Mammograms are an important cancer screening that can detect small changes in your breast tissue that may indicate breast cancer. Your doctor will likely tell you when it’s time to start getting mammograms but you don’t need to wait for them to bring it up. If you are high risk, talk to your doctor about when would be the best time for you to get your first mammogram.

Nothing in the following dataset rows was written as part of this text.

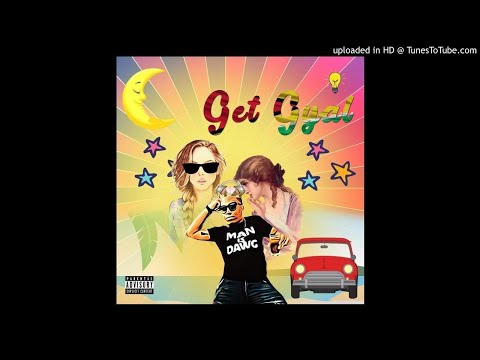 Esan Benzy - Get Gyal (Raw)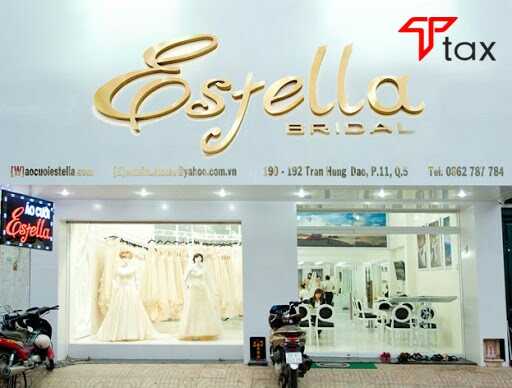 Bảng hiệu cưới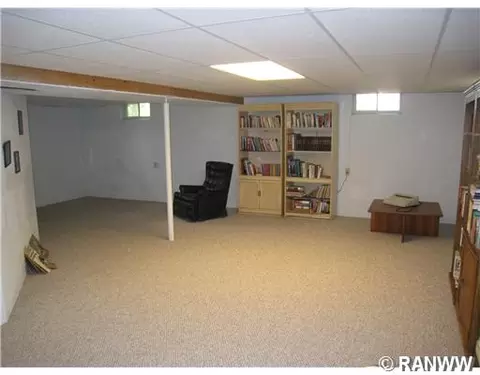 518 Schofield St, Chetek, WI 54728 photo 16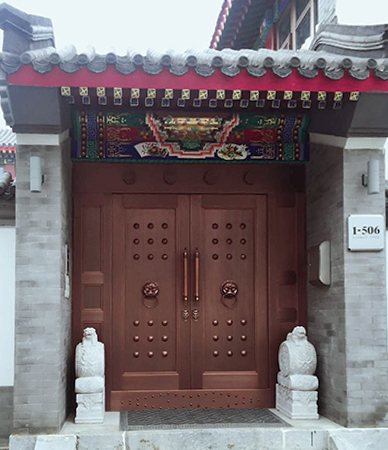 实板门27..jpg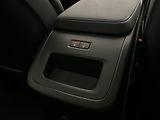 Volvo XC60 T8 AWD ULTRA BLACK RECHARGE CZ - náhled 22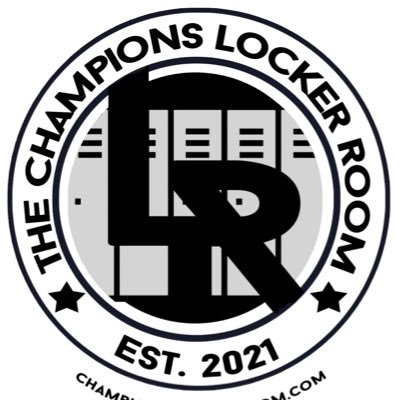 The Champions Locker Room supports College Athletes through official NIL deals to promote their Brand, Image and Official Merchandise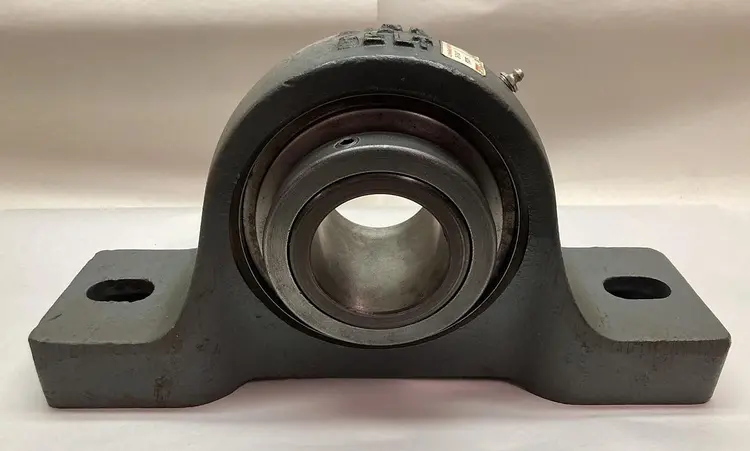 New | in-Stock LINK-BELT P339 Bearings | Surplus Asset Holdings #1192566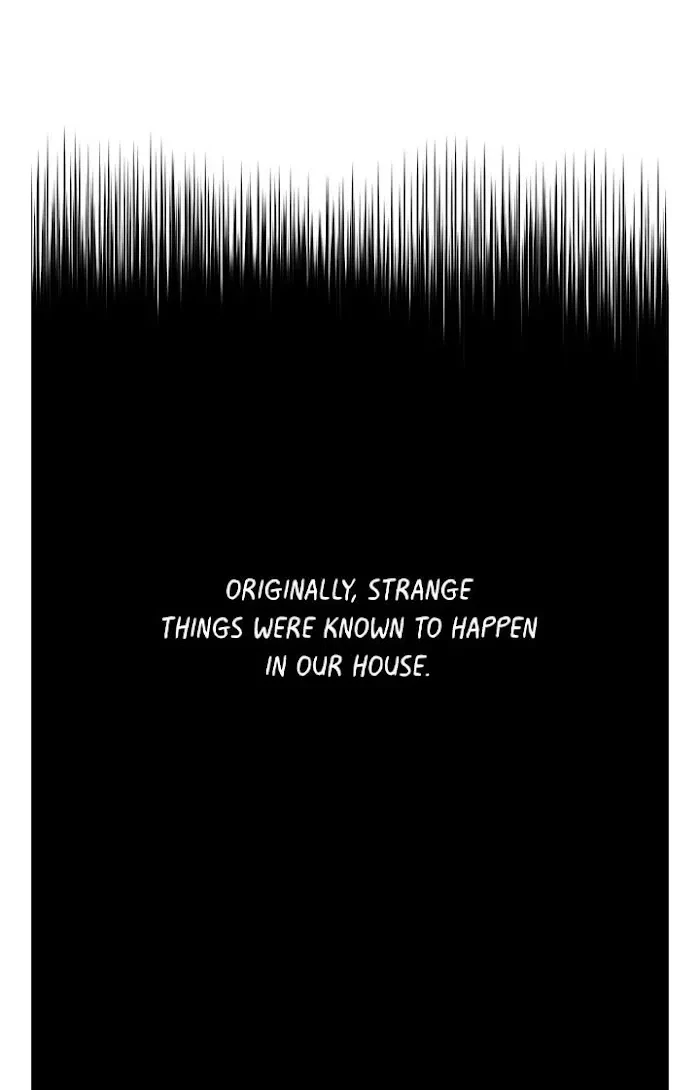 Chapter 43, page 36
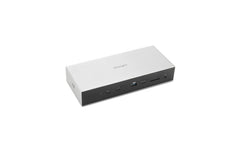Kensington SD5000T5 EQ Thund. Docking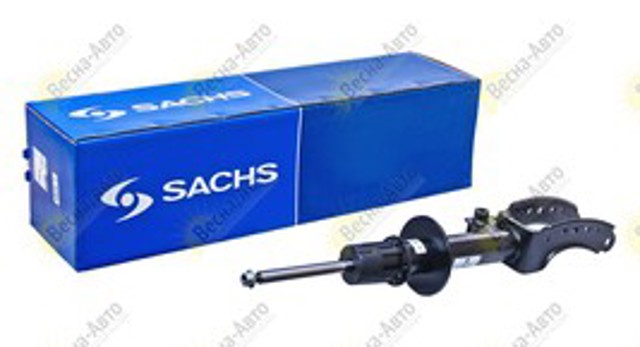 SACHS 315999 Амортизатор передний левый в наличии Черкассы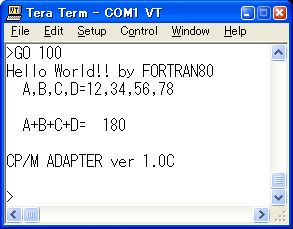 FIG4.jpg(17579 byte)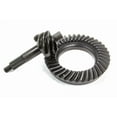 thumbnail image 3 of Motive Gear F890543 MOGF890543 R&P 5.43 FORD 9 Fits select: 1966-1973 FORD MUSTANG, 1975-1986 FORD F150, 3 of 3
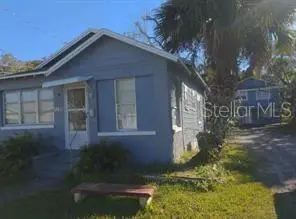 1215 Historic Goldsboro Blvd, FL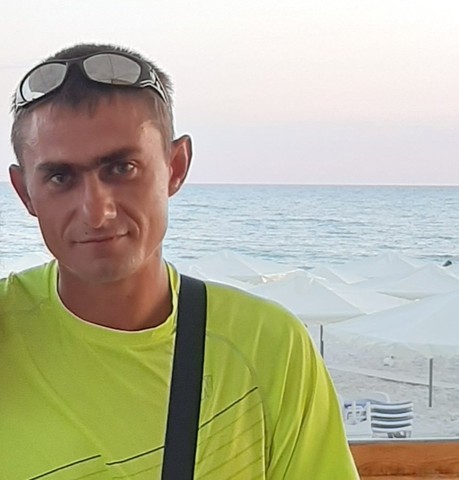 Мужчины в Ростове-На-Дону: Артур, 29 из Ростова-На-Дону ищет женщину Парни в Ростове-На-Дону: Артур, 29 - ищет девушку из Ростова-На-Дону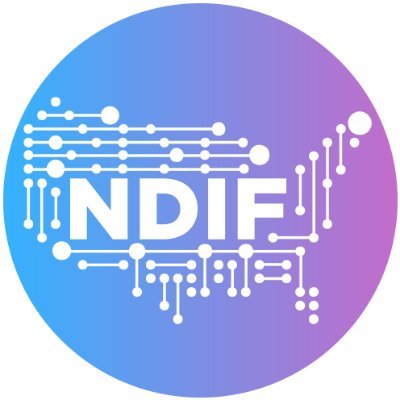 NDIF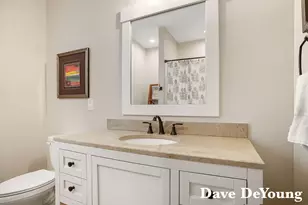 2019 Ottawa Beach Rd, Holland, MI 49424 - Photo 9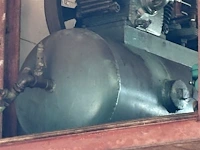 Compressor - afbeelding 4 van  7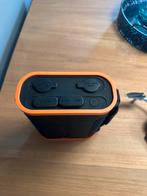 Fox halo 96K powerbank, Watersport en Boten, Hengelsport | Karpervissen, Ophalen of Verzenden, Zo goed als nieuw, Overige typen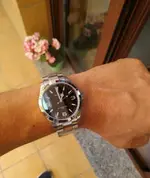 IMG-20190924-WA0014.webp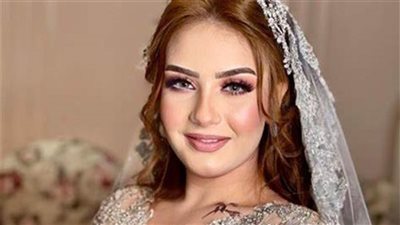 رواية البنت الفقيرة واختها جميع الاجزاء كاملة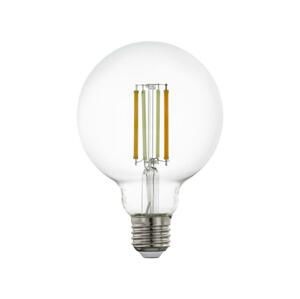 Eglo LED Žárovka VINTAGE E27/6W/230V 2200K-6500K - Eglo 12576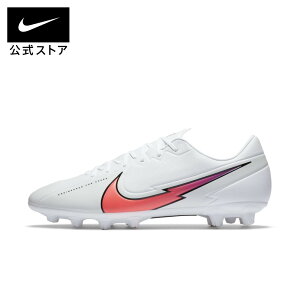サッカー スパイク マーキュリアルの人気商品 通販 価格比較 価格 Com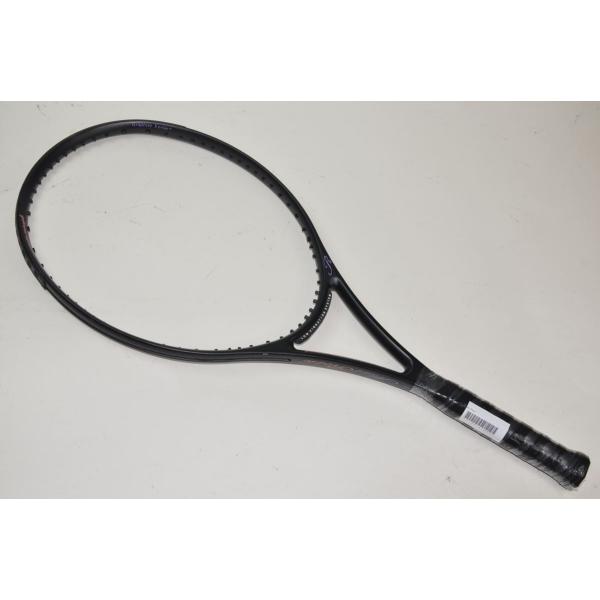 tennis_c18070305c
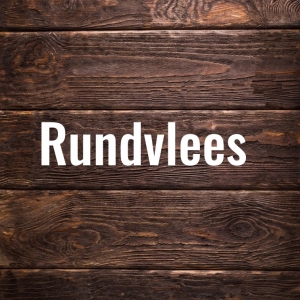 rundvlees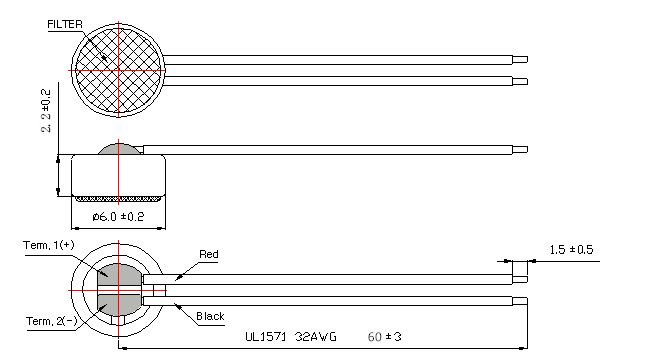 H6022L001A-60DB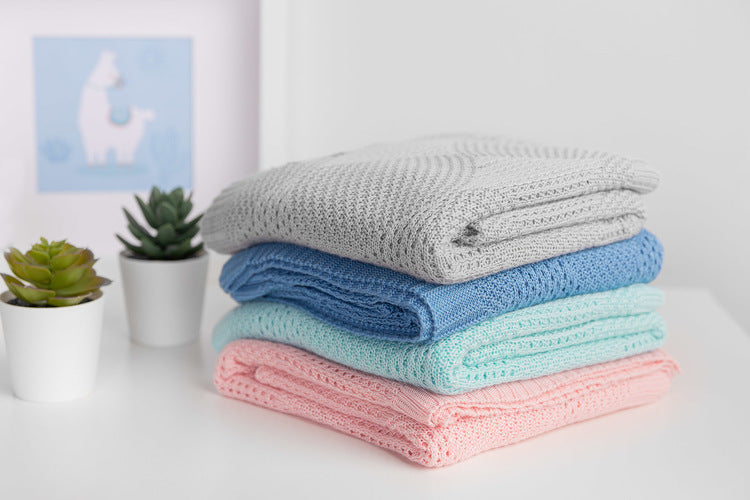 e6b1612afbe900372c88c42c1d3bbd28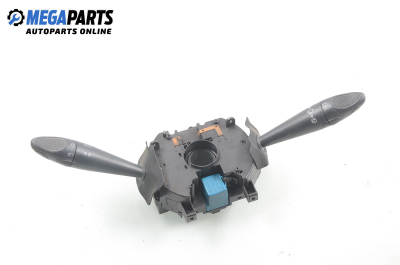 Лостчета светлини и чистачки за Fiat Brava Hatchback (10.1995 - 06.2003)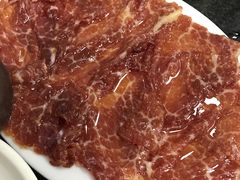 -五洲牛肉美食馆
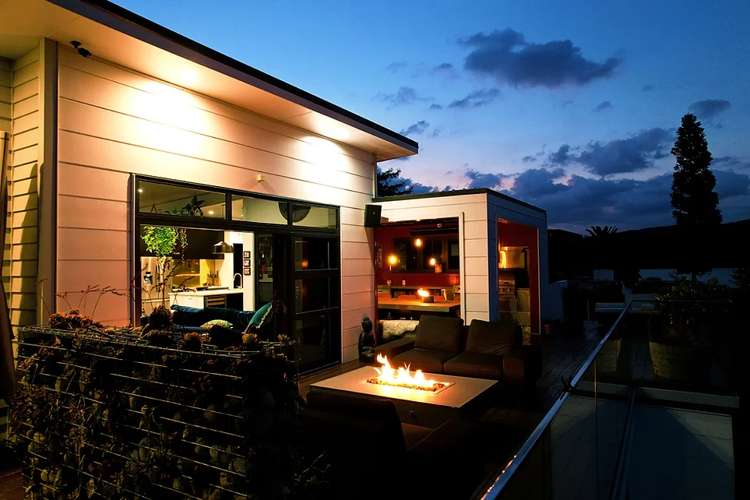 36 Korari Crescent Mangakino_57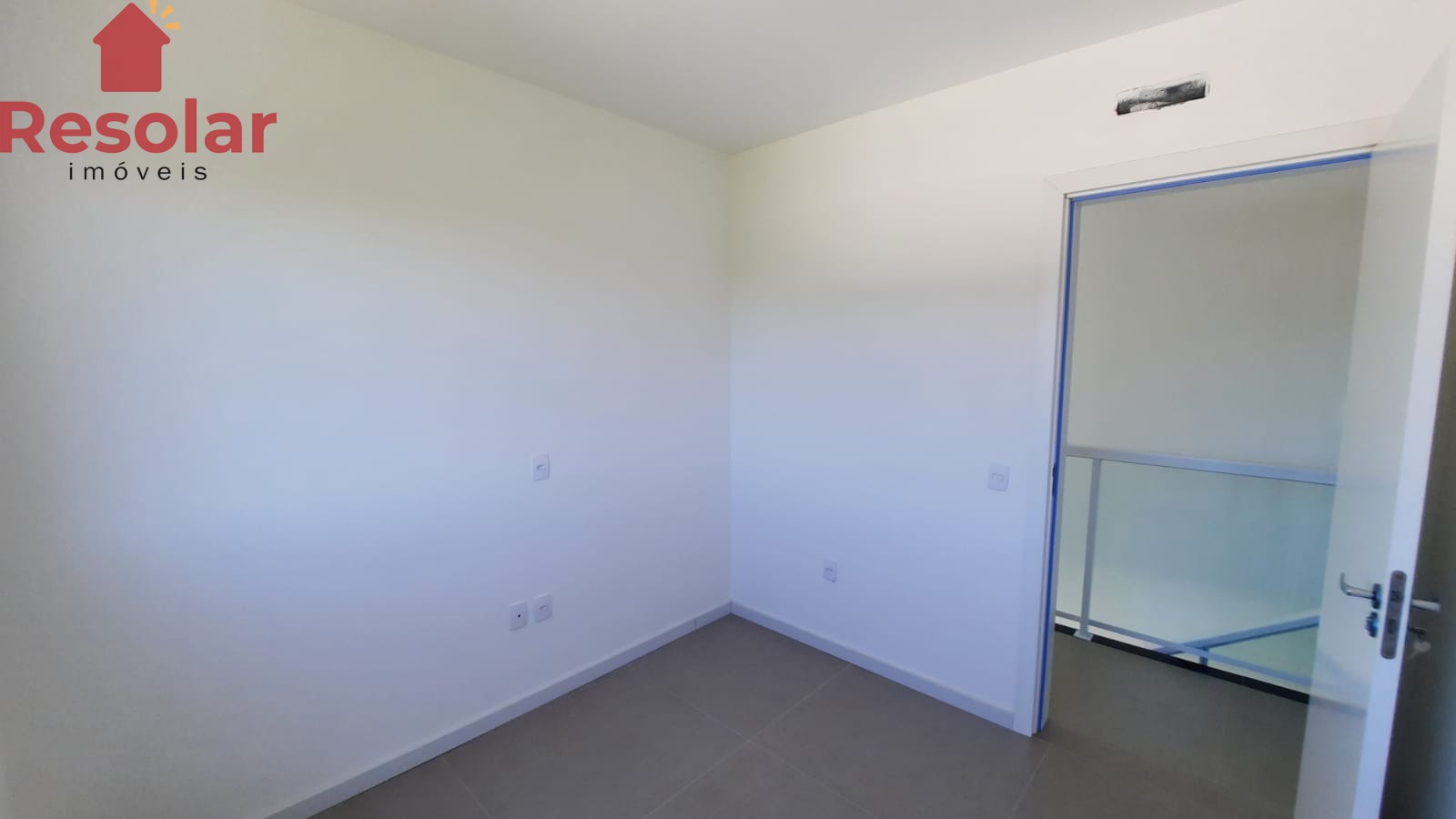 Sobrado à venda com 2 quartos, 180m² - Foto 21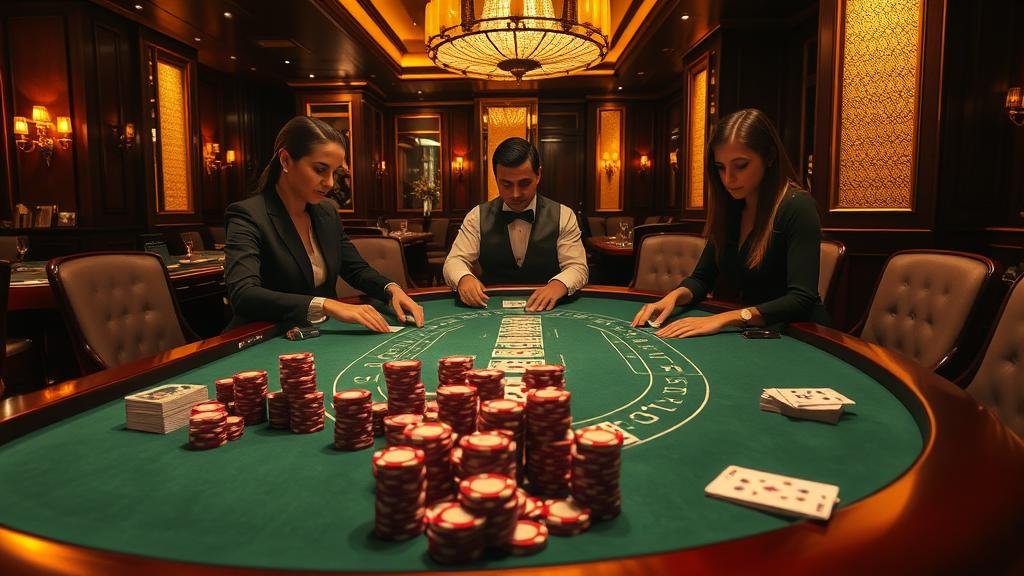 promaster7: สูตรบาคาร่า AI ฉบับเซียน ล่าสุด! เล่นบาคาร่าเว็บตรง มงคล789 ได้เง...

So now it’s time for your first mammogram and you have no idea what is going to happen. You aren’t the only one. Mammograms make many women nervous, scared, and some even avoid it. But we’re here to squash all your fears. Read on to learn all the information about mammograms so you can walk in confidently for your first one.

Knowledge is Power

If you know what to expect during your first mammogram fear and uncertainty will fall to the wayside. When you are ready for your mammogram, the technologist will position your breasts on the machine’s plate. Your breasts will need to be flattened by the machine to get the best pictures for the radiologist to read. It’s so important that you try not to tense up, which will make your mammogram go from being uncomfortable to painful.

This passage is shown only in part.